***** Given records

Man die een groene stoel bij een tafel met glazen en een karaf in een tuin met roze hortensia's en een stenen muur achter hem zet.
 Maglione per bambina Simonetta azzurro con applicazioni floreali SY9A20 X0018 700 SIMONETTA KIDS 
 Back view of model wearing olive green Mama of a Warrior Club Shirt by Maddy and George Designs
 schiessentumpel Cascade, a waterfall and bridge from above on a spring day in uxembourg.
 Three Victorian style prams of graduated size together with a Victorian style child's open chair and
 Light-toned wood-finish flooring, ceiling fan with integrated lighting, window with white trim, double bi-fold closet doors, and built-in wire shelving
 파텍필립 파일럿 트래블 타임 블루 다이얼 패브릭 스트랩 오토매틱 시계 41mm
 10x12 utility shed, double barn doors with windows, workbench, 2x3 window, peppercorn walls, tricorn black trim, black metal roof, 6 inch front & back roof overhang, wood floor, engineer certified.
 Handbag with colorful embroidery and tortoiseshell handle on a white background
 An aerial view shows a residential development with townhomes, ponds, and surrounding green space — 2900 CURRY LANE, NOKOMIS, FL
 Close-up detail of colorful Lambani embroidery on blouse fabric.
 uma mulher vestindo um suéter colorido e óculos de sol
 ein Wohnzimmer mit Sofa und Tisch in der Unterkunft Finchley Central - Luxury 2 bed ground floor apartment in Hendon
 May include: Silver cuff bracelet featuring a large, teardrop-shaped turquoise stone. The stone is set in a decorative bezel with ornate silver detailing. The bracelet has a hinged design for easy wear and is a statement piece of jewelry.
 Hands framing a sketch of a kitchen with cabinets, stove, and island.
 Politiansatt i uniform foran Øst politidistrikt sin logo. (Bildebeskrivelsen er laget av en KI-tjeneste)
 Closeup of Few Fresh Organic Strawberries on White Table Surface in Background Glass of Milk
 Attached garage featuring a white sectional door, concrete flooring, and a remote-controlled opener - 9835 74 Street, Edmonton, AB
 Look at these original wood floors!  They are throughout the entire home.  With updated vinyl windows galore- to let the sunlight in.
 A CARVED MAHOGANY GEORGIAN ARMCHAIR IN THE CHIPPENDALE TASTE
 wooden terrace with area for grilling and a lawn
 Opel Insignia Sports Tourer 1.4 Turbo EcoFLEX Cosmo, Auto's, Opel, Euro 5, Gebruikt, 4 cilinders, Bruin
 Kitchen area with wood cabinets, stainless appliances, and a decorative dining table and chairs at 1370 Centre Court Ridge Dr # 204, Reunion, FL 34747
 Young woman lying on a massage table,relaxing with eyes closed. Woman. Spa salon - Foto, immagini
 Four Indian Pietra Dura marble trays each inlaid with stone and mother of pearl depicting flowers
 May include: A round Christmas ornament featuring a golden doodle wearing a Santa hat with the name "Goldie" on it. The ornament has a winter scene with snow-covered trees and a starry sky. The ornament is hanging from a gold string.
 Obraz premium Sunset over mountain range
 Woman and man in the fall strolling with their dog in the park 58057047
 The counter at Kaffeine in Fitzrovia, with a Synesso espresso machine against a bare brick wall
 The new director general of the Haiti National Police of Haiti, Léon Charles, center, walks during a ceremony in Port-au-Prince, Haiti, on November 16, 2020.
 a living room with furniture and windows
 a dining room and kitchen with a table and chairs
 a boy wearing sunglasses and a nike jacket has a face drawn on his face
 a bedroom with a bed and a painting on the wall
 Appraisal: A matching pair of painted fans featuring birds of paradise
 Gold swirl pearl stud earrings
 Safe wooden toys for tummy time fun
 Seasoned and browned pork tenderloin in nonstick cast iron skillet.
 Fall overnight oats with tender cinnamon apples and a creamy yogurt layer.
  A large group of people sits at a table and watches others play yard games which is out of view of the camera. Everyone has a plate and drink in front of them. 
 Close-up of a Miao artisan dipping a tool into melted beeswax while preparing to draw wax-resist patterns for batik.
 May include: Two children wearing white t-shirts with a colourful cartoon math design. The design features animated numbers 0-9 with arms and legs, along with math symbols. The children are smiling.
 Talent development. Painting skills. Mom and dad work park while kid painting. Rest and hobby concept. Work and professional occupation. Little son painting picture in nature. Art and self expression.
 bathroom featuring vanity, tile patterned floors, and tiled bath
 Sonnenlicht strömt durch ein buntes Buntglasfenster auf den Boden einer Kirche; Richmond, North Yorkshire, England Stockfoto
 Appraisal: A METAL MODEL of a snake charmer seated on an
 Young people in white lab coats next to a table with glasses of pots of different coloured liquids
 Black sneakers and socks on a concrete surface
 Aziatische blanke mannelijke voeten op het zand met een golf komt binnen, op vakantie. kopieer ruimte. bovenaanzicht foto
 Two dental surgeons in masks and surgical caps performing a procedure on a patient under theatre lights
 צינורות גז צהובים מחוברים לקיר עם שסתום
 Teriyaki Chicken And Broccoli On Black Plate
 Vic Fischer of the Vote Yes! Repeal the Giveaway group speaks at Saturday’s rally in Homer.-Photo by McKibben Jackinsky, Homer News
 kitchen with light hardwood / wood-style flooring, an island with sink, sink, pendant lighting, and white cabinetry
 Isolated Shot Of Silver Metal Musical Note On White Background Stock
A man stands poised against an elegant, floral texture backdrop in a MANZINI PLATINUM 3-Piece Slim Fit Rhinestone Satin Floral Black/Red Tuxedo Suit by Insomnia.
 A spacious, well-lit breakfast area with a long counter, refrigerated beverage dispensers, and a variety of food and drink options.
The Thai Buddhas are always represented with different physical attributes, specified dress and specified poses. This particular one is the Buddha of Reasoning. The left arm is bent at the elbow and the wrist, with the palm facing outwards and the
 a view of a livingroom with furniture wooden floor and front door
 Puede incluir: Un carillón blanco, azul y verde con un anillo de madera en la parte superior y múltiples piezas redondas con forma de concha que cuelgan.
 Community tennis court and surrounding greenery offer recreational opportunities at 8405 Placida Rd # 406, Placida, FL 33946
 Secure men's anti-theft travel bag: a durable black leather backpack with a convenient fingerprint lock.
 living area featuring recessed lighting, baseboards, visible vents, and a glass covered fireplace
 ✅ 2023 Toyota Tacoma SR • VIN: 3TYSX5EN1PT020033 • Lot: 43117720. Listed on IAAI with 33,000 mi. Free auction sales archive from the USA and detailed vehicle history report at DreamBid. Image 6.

**********

**What is needed**
Each line from the top of the material above through the line with "schiessentumpel Cascade, a" must be echoed exactly, and no other line.

**Written response**
Man die een groene stoel bij een tafel met glazen en een karaf in een tuin met roze hortensia's en een stenen muur achter hem zet.
 Maglione per bambina Simonetta azzurro con applicazioni floreali SY9A20 X0018 700 SIMONETTA KIDS 
 Back view of model wearing olive green Mama of a Warrior Club Shirt by Maddy and George Designs
 schiessentumpel Cascade, a waterfall and bridge from above on a spring day in uxembourg.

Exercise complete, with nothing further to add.